DATASET EXCERPT |
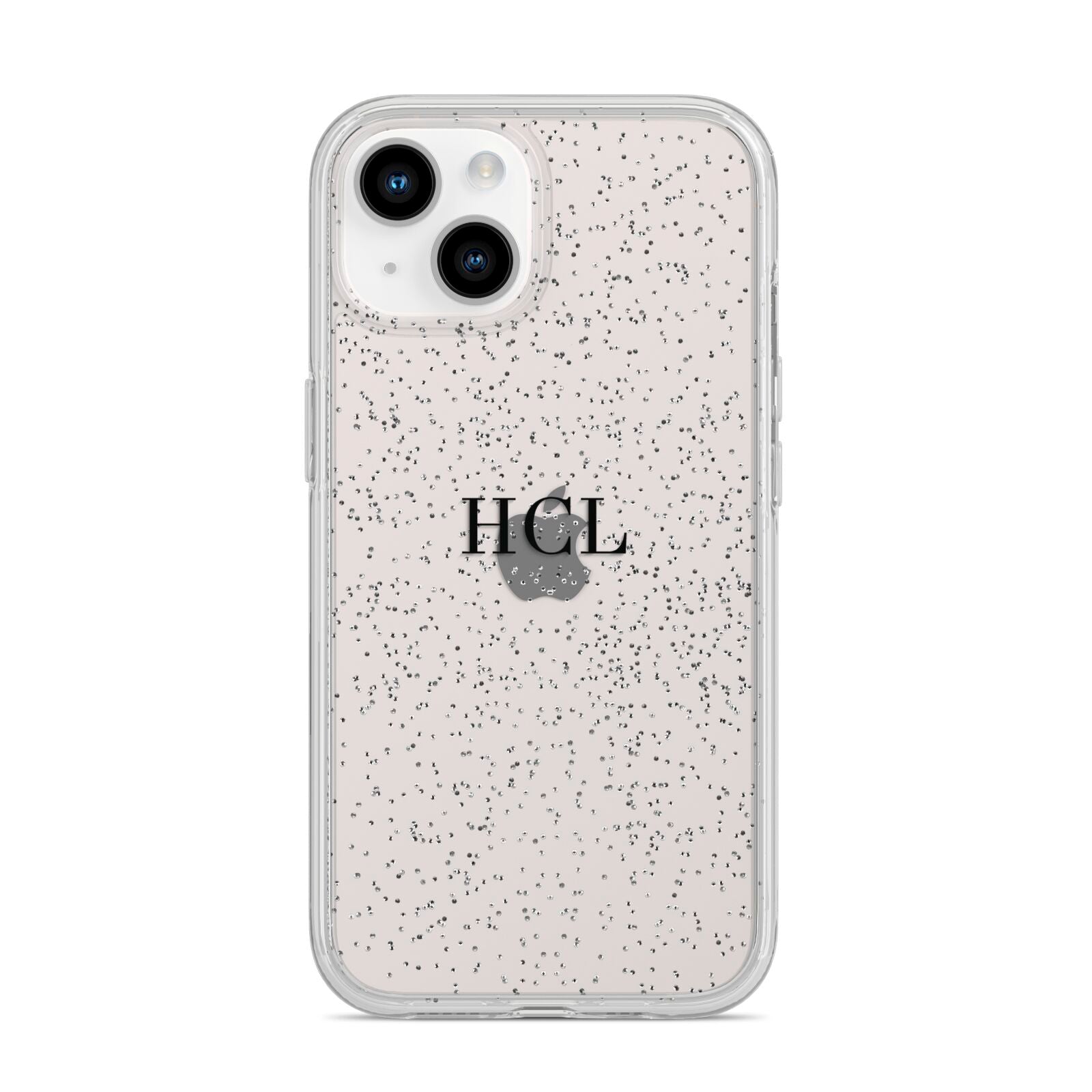 Personalised Black Initials Middle Clear Custom iPhone 14 Glitter Tough Case Starlight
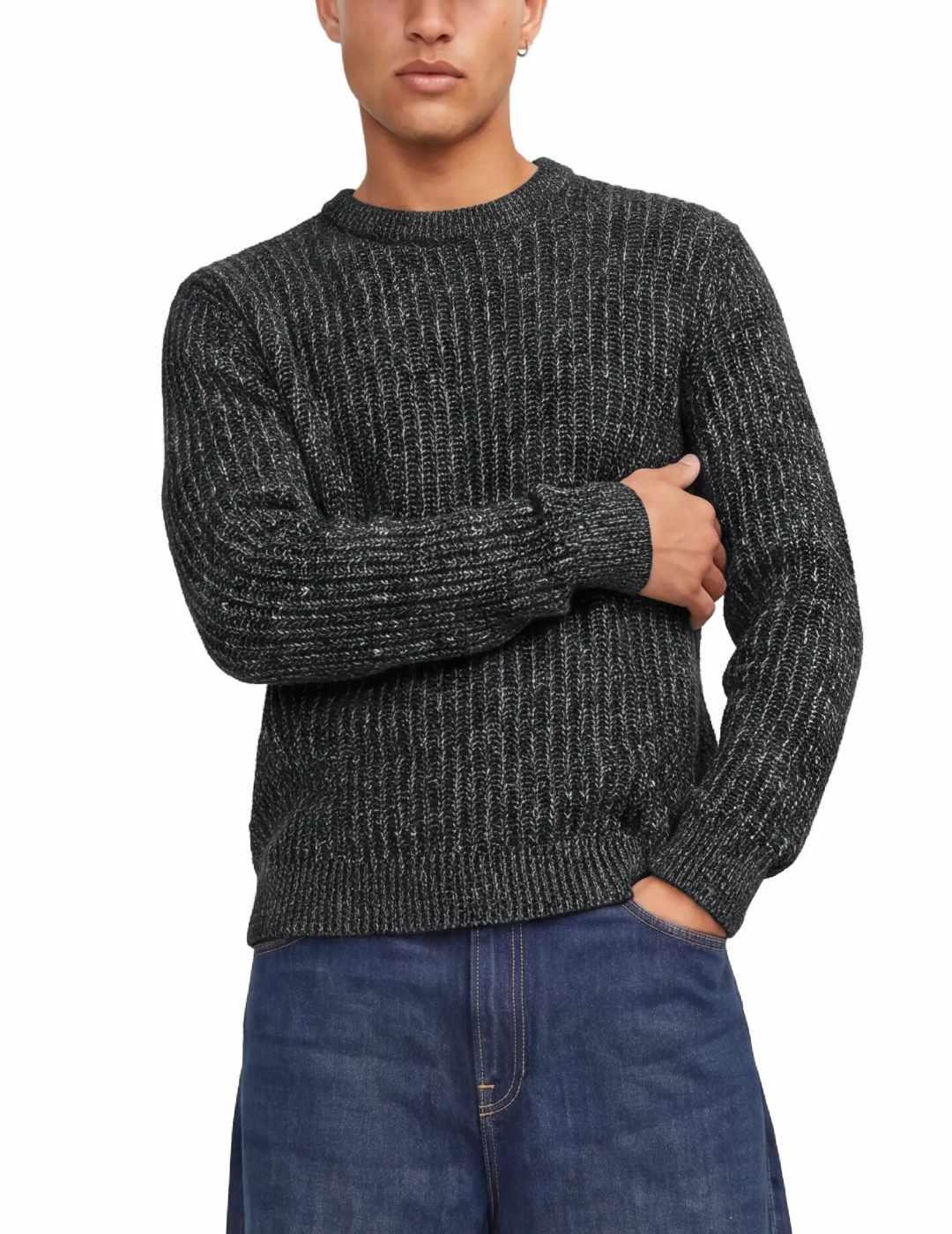 Jersey Jack&Jones Jaxon marino punto grueso de hombre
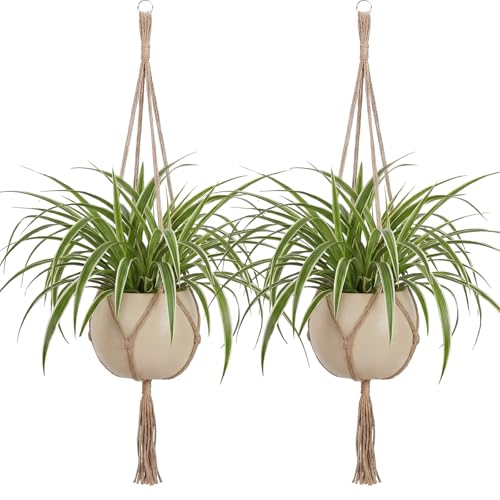 Image of EBOOT 2 Pack 33 Inch Large Macrame Plant Hanger Rope to Hang Flower Pot Plant Holder for Indoor Outdoor Decorations, 4 Legs (Linen Color)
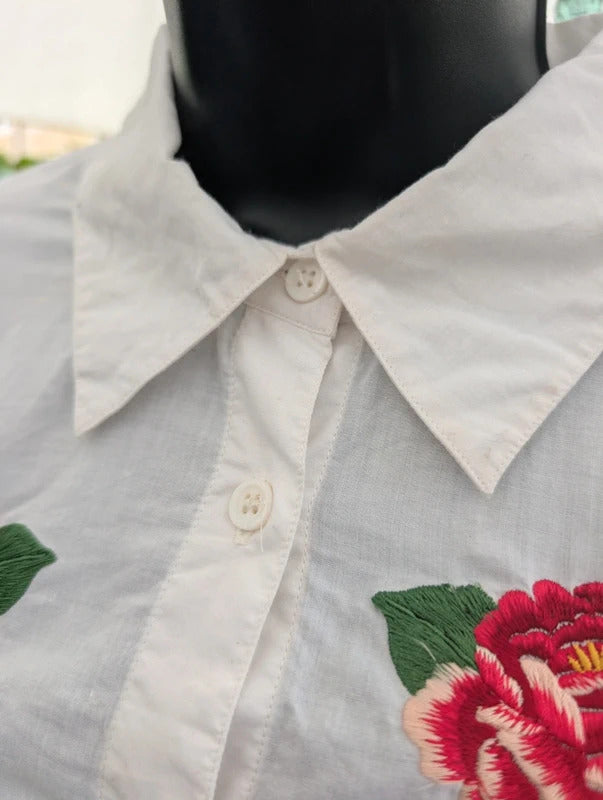 Cake Couture Embroidered Cotton Shirt White XL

AIM OF THE TASK | Please set down the whole listing exactly, apart from the pictures.

TASK RESULT |
 Personalised Black Initials Middle Clear Custom iPhone 14 Glitter Tough Case Starlight
 Jersey Jack&Jones Jaxon marino punto grueso de hombre
 Image of EBOOT 2 Pack 33 Inch Large Macrame Plant Hanger Rope to Hang Flower Pot Plant Holder for Indoor Outdoor Decorations, 4 Legs (Linen Color)
 Cake Couture Embroidered Cotton Shirt White XL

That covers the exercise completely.